Retype every record that follows, character for character.

*** Provided data ***

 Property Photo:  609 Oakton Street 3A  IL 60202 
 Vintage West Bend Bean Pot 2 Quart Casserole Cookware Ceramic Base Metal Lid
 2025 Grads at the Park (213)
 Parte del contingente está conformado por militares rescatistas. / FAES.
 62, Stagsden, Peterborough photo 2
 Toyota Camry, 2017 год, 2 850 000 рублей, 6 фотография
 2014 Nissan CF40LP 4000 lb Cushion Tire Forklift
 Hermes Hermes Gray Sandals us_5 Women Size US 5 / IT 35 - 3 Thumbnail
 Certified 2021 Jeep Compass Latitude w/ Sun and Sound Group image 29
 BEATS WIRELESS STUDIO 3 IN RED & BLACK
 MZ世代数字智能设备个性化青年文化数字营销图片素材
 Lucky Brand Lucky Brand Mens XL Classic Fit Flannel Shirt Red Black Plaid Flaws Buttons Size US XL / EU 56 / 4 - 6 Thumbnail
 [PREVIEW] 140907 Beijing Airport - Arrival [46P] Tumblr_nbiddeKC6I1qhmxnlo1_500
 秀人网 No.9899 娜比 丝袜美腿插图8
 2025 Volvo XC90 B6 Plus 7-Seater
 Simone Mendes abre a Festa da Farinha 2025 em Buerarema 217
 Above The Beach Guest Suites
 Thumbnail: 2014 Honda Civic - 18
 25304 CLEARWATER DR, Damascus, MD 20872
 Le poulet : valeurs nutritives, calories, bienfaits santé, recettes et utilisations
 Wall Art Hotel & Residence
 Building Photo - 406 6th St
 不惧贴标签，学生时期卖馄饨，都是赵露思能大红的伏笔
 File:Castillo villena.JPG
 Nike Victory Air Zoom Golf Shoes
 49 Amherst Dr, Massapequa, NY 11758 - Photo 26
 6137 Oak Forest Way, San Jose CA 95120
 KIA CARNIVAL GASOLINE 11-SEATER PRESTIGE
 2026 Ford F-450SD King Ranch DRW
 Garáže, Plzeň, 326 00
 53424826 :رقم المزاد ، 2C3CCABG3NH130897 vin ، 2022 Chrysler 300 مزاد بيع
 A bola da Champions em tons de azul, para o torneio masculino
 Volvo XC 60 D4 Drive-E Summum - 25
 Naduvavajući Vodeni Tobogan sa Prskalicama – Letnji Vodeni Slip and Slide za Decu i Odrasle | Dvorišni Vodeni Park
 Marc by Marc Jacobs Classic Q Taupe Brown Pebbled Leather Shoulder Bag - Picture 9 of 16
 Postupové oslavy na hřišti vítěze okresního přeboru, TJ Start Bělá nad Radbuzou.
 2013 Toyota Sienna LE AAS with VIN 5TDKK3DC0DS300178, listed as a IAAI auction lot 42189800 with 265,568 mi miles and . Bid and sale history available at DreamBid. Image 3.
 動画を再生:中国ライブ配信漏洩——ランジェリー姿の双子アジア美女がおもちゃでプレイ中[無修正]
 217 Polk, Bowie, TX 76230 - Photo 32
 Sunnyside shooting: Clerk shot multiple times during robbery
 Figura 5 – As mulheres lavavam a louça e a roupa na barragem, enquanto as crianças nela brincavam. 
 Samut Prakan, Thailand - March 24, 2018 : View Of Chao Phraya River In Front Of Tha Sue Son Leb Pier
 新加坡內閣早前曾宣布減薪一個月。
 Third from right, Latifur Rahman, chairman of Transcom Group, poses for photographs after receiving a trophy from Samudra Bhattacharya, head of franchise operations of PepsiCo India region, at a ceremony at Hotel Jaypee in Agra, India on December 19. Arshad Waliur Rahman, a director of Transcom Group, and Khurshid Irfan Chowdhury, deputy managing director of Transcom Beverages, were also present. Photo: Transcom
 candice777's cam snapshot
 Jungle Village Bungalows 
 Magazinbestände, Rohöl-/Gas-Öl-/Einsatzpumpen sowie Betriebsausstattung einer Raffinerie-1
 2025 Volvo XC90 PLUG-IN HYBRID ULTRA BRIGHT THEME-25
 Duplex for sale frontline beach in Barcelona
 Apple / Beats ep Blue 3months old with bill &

*** End of Provided data ***

* **Output of the exercise**
 Property Photo:  609 Oakton Street 3A  IL 60202 
 Vintage West Bend Bean Pot 2 Quart Casserole Cookware Ceramic Base Metal Lid
 2025 Grads at the Park (213)
 Parte del contingente está conformado por militares rescatistas. / FAES.
 62, Stagsden, Peterborough photo 2
 Toyota Camry, 2017 год, 2 850 000 рублей, 6 фотография
 2014 Nissan CF40LP 4000 lb Cushion Tire Forklift
 Hermes Hermes Gray Sandals us_5 Women Size US 5 / IT 35 - 3 Thumbnail
 Certified 2021 Jeep Compass Latitude w/ Sun and Sound Group image 29
 BEATS WIRELESS STUDIO 3 IN RED & BLACK
 MZ世代数字智能设备个性化青年文化数字营销图片素材
 Lucky Brand Lucky Brand Mens XL Classic Fit Flannel Shirt Red Black Plaid Flaws Buttons Size US XL / EU 56 / 4 - 6 Thumbnail
 [PREVIEW] 140907 Beijing Airport - Arrival [46P] Tumblr_nbiddeKC6I1qhmxnlo1_500
 秀人网 No.9899 娜比 丝袜美腿插图8
 2025 Volvo XC90 B6 Plus 7-Seater
 Simone Mendes abre a Festa da Farinha 2025 em Buerarema 217
 Above The Beach Guest Suites
 Thumbnail: 2014 Honda Civic - 18
 25304 CLEARWATER DR, Damascus, MD 20872
 Le poulet : valeurs nutritives, calories, bienfaits santé, recettes et utilisations
 Wall Art Hotel & Residence
 Building Photo - 406 6th St
 不惧贴标签，学生时期卖馄饨，都是赵露思能大红的伏笔
 File:Castillo villena.JPG
 Nike Victory Air Zoom Golf Shoes
 49 Amherst Dr, Massapequa, NY 11758 - Photo 26
 6137 Oak Forest Way, San Jose CA 95120
 KIA CARNIVAL GASOLINE 11-SEATER PRESTIGE
 2026 Ford F-450SD King Ranch DRW
 Garáže, Plzeň, 326 00
 53424826 :رقم المزاد ، 2C3CCABG3NH130897 vin ، 2022 Chrysler 300 مزاد بيع
 A bola da Champions em tons de azul, para o torneio masculino
 Volvo XC 60 D4 Drive-E Summum - 25
 Naduvavajući Vodeni Tobogan sa Prskalicama – Letnji Vodeni Slip and Slide za Decu i Odrasle | Dvorišni Vodeni Park
 Marc by Marc Jacobs Classic Q Taupe Brown Pebbled Leather Shoulder Bag - Picture 9 of 16
 Postupové oslavy na hřišti vítěze okresního přeboru, TJ Start Bělá nad Radbuzou.
 2013 Toyota Sienna LE AAS with VIN 5TDKK3DC0DS300178, listed as a IAAI auction lot 42189800 with 265,568 mi miles and . Bid and sale history available at DreamBid. Image 3.
 動画を再生:中国ライブ配信漏洩——ランジェリー姿の双子アジア美女がおもちゃでプレイ中[無修正]
 217 Polk, Bowie, TX 76230 - Photo 32
 Sunnyside shooting: Clerk shot multiple times during robbery
 Figura 5 – As mulheres lavavam a louça e a roupa na barragem, enquanto as crianças nela brincavam. 
 Samut Prakan, Thailand - March 24, 2018 : View Of Chao Phraya River In Front Of Tha Sue Son Leb Pier
 新加坡內閣早前曾宣布減薪一個月。
 Third from right, Latifur Rahman, chairman of Transcom Group, poses for photographs after receiving a trophy from Samudra Bhattacharya, head of franchise operations of PepsiCo India region, at a ceremony at Hotel Jaypee in Agra, India on December 19. Arshad Waliur Rahman, a director of Transcom Group, and Khurshid Irfan Chowdhury, deputy managing director of Transcom Beverages, were also present. Photo: Transcom
 candice777's cam snapshot
 Jungle Village Bungalows 
 Magazinbestände, Rohöl-/Gas-Öl-/Einsatzpumpen sowie Betriebsausstattung einer Raffinerie-1
 2025 Volvo XC90 PLUG-IN HYBRID ULTRA BRIGHT THEME-25
 Duplex for sale frontline beach in Barcelona
 Apple / Beats ep Blue 3months old with bill &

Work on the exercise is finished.